[Python-ideas] Python 3000 TIOBE -3%

Sat Feb 11 15:29:34 CET 2012

On 11 February 2012 12:41, Masklinn <masklinn at masklinn.net> wrote:
>>> with open('myfile.txt') as f:
>>>    for line in f:
>>>        if line.startswith('*'):
>>>            print(line)
>>>
>>> fails with encoding errors. What do I do? Short answer, grumble and go
>>> and use grep (or in more complex cases, awk) :-(
>>
>> Or just use the ISO-8859-1 encoding.
>
> It's true that requires to handle encodings upfront where Python 2 allowed you
> to play fast-and-lose though.
>
> And using latin-1 in that context looks and feels weird/icky, the file is not
> encoded using latin-1, the encoding just happens to work to manipulate bytes as
> ascii text + non-ascii stuff.

To be honest, I'm fine with the answer "use latin1" for this case.
Practicality beats purity and all that. But as you say, it feels wrong
somehow. I suspect that errors=surrogateescape is the better "I don't
really care" option. And I still maintain it would be useful for
combating FUD if there was a commonly-accepted idiom for this.

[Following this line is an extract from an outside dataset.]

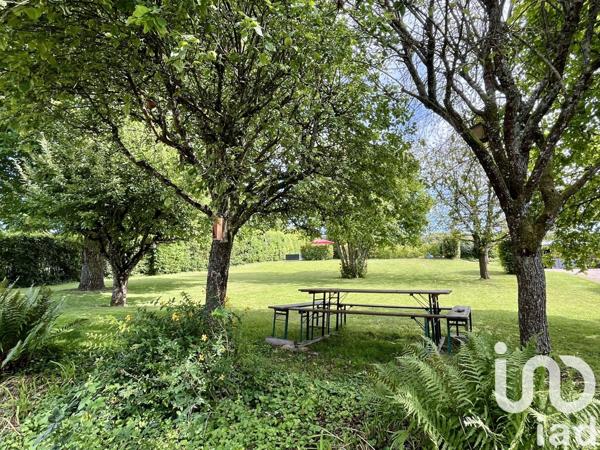 Maison 7 pièces de 221 m² à Vauchassis (10190)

Interestingly, on my Windows PC, if I open a file using no encoding in
Python 3, I seem to get code page 1252:

Python 3.2.2 (default, Sep  4 2011, 09:51:08) [MSC v.1500 32 bit
(Intel)] on win32
Type "help", "copyright", "credits" or "license" for more information.
>>> f = open("unicode.txt")
>>> f.encoding
'cp1252'
>>>

So actually, on this PC, I can't really provoke these sorts of
decoding error problems (CP1252 accepts all bytes, it's basically
latin1). Whether this is a good thing or a bad thing, I'm not sure :-)

Paul